Isn’t there something great about threesomes, I mean three pieces. Concise, raw... limited yet eminently appealing.

Vocalist Billy Lunn tells us ‘Mary’ is about his mum and then goes off for another charge around the stage, passing bassist Charlotte Cooper on the way as she charges in the opposite direction, head banging, hair tossing with her bass guitar.

Billy's younger brother Josh bangs the drums. Legend has it that he was such a wild kid at home that his parents got him a drum kit to channel that wildness. I think he’s still got that drum kit because it’s kind of a mini set. The type they used so sell in the toy section in the back of the Argos catalogue, perhaps.

The new album ‘Money and Celebrity’, takes a pop at celebrity culture with tracks like current single ‘We Don't Need Money to Have a Good Time’ which provokes another a surge of energy from the crowd. As does the older ‘Shake! Shake!’ which goes down a storm with lots of, well, shaking.

The best moments are the older ones though, the slow building ‘I Want to Hear What You Have Got to Say’ being rolled into ‘Rock and Roll Queen’ was a clear highlight.

Billy and Charlotte stand some distance apart tonight on the somehow bigger Rescue Rooms stage, making it difficult to photograph them together.
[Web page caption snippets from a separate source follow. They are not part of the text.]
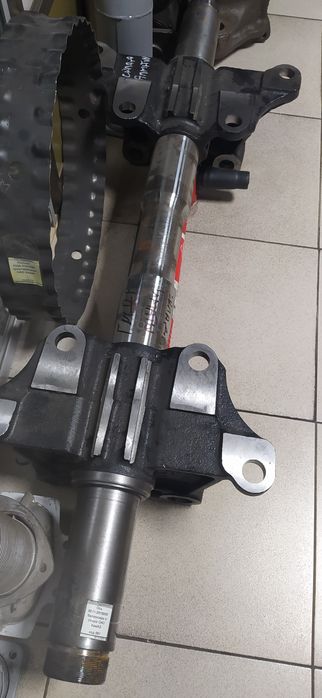 Ось задней подвески КамАЗ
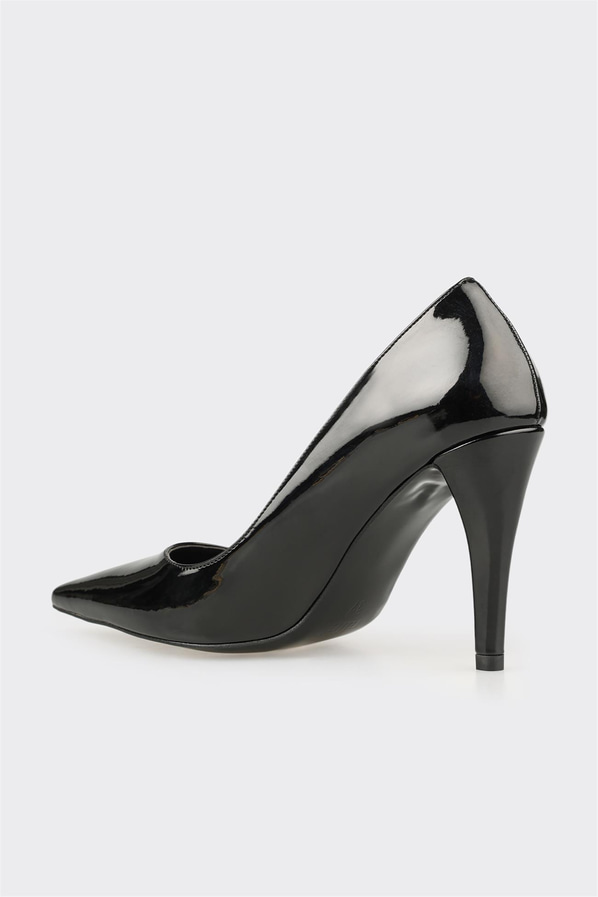 Siyah Kadın Stiletto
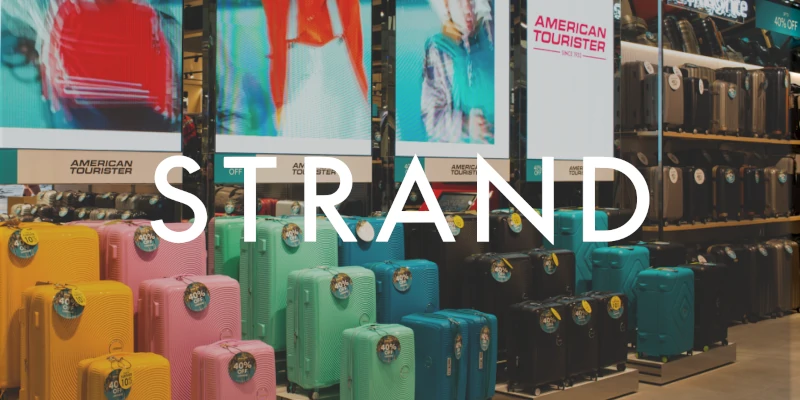 Customer results - Strand Boosts Revenue by 16.5% With Anonymous Visitor Personalization.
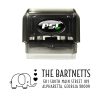 Elephant Self Inking Return Address Stamp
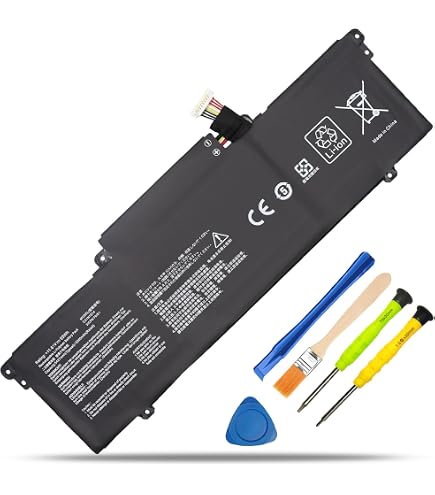 Amazon.com: AURUNHO C31N1724 50Wh Laptop Battery Replacement for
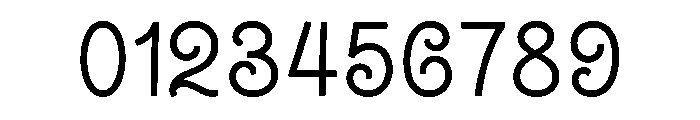 Loopzy Font OTHER CHARS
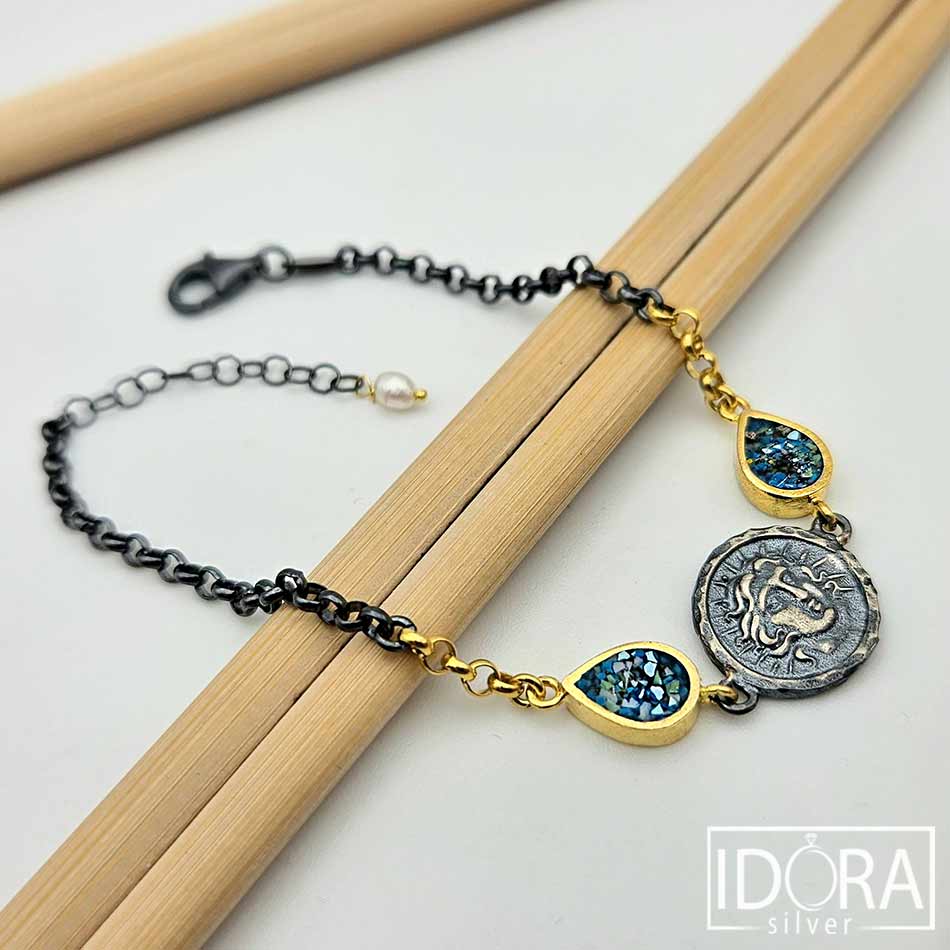 Сребърна гривна: "Офелия" - Image 3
I’m sure this is the norm and not indicative of their eight year romance that ended sometime ago in marriage, to other people. Their relationship now appears cordial, friendly but also businesslike and lacks some of the on stage chemistry of before.

I was particularly surprised to hear that Billy had recently got hitched because he’s cheating on his missus already, tonight Billy is truly, madly, deeply in love with his audience. He urges them to get a ‘circle pit’ going to ‘Turnaround’. After a few false starts, due possibly to a lack of understanding (honestly, youngsters today), they finally get it going. Then after a resounding ‘With You’ they’re off without a word, which I thought was a tad rude.

They return for an encore that opens with ‘Kalifornia’ and continues into ‘At 1 am’ at which point something comes whizzing past my ear and lands on the stage. A bra, a very large bra, in fact a scarily large one. So large that I daren’t turnaround to speculate on the owner of such a huge garment. Clearly our freshly married man isn’t impressed either, as he kicks it into touch. Instead he strips off his own top and dives headlong into the crowd. They catch him and carry him aloft as the band close with ‘It's a Party’, a song about how awesome a party they have on tour.

Then down goes the Argos drum kit, in that most un-rock n roll of rock n roll gestures and the lights go up.

The Subways remain mostly unvaried but a more upbeat rock band you could not wish for. They also put more energy into tonight’s performance than a lot of bands put into a lifetime of touring. They’re a band clearly enjoying what they do. Though I still think they may need to move on a touch to survive, if they get time amongst married life of course.